小太刀賢のアーティチョーク茹でました

役者・小太刀賢が、日記のような週記のような、日々のよしなしごとをそこはかとなく書きつくるブログです

営み、生活

みなさん、こんばんわ。

 

前にブログで書いた気がするが、僕は団地が好きだ。団地住んでいたことはないから内のことはわからない。だけど団地そのものの存在、佇まいを魅力的に感じている。なんでそう感じているのかその理由を考えてみて、結論としてはそこに営みとその積み重ねを感じるからだという個人的見解に至った。ただの建物ではないそこには住んでいる人の生活が滲み出ている、そしてその生活が見えない地層となって積み重なっていき、空気の繭のようにその団地をすっぽり覆っている。その団地の「様子」に僕は惹かれているのです。

 

若い頃、日本の街並みがあまり好きじゃなかった。まとまりがなく雑多な様子に見えて、どうしてもっと計画性を持って街づくりできないのだろうと感じていた。ヨーロッパの街並みはああも整っていて街全体がひとつの芸術のようになっているのに、どうして日本はそうでないのか。いっそ一から作り直せたらいいのに、とそこまで過激ではないにせよ、そう思いを馳せることはあった。

それでも別に日本から出てヨーロッパに住むわけでもなく、日本の暮らしを享受して謳歌してここまで生きてきた。そうすると考えも変わるもんで、段々と日本の街のまとまりのなさが良くなってきて、むしろまとまりがないというまとまり方をしているように見えてむしろ好きになってきた。
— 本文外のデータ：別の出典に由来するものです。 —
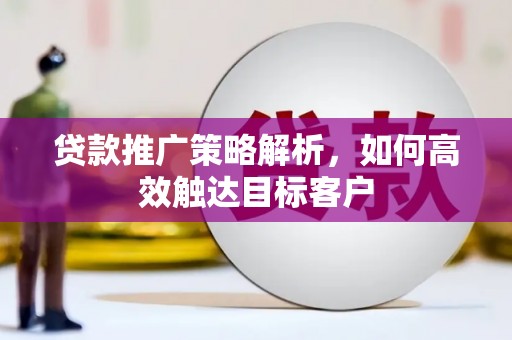 正蓝旗贷款推广策略解析，如何高效触达目标客户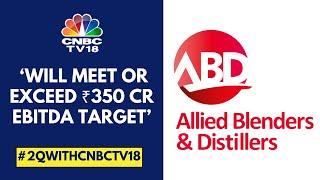 Growth In Q2 Was Mainly From The Prestige & Above Segment: Allied Blenders & Distillers | CNBC TV18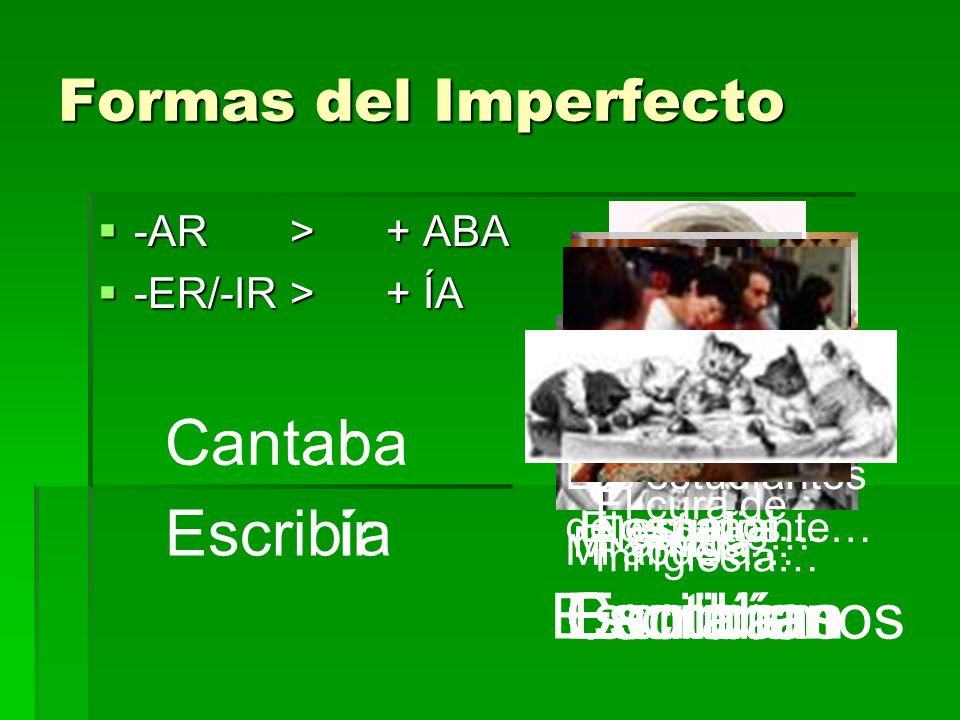 Cant aba ar Escrib ía ir Escribíamos Cantaba Cantaba Escribía Cantaban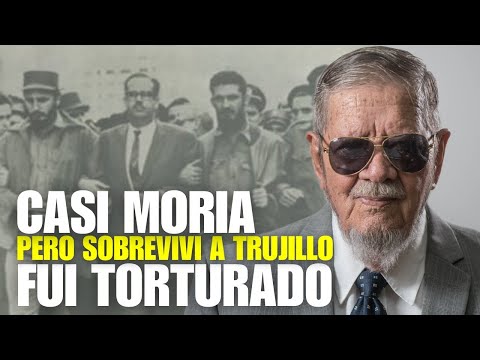 ESTUVE PRESO Y FUI TORTURADO EN LAS CARCELES DURANTE LA DICTADURA DE TRUJILLO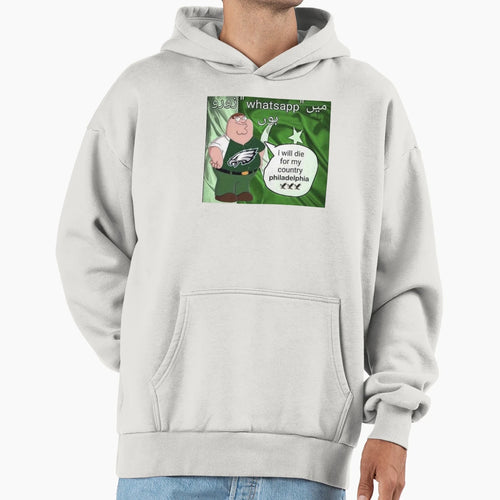 I Will Die My Country Philadelphia Hoodie - Unique Graphic for Adults - T-Shirt, Sweatshirt, Hoodie
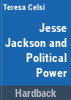 Jesse_Jackson_and_political_power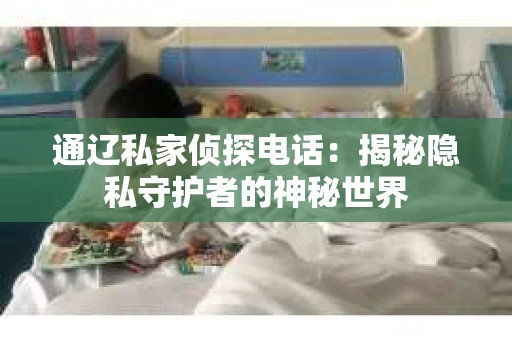 通辽私家侦探电话：揭秘隐私守护者的神秘世界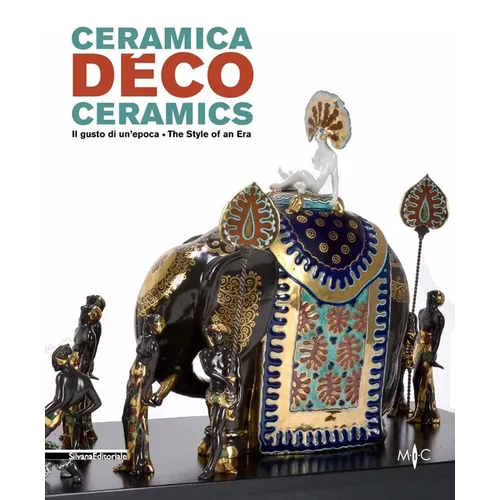 Deco Ceramics: The Style of an Era - Paperback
なんでこういう気持ちの変化が起きたのか考えてみると、街全体に人間の営みを感じるようになったからだった。街というのはパズルのように作られたのではなく、人々の生活が集まることで街として成り立ってきたのだ、そういうことを感じるようになってきたからなのだ。そしてそう感じるようになったのは、僕が一人暮らしをするようになって、自分で自分の生活を営むことでようやっと周りの営みが目に映るようになったからなのだった。

 

僕は営みに強く惹かれる。それは団地であり、それを含む街であり、そういったものに心惹かれる。あぁ生きているんだな、そのエネルギーから、みんなが生きているなら僕も生きてみるかと勇気をもらっているのかもしれない。なんかそんなことを考えた。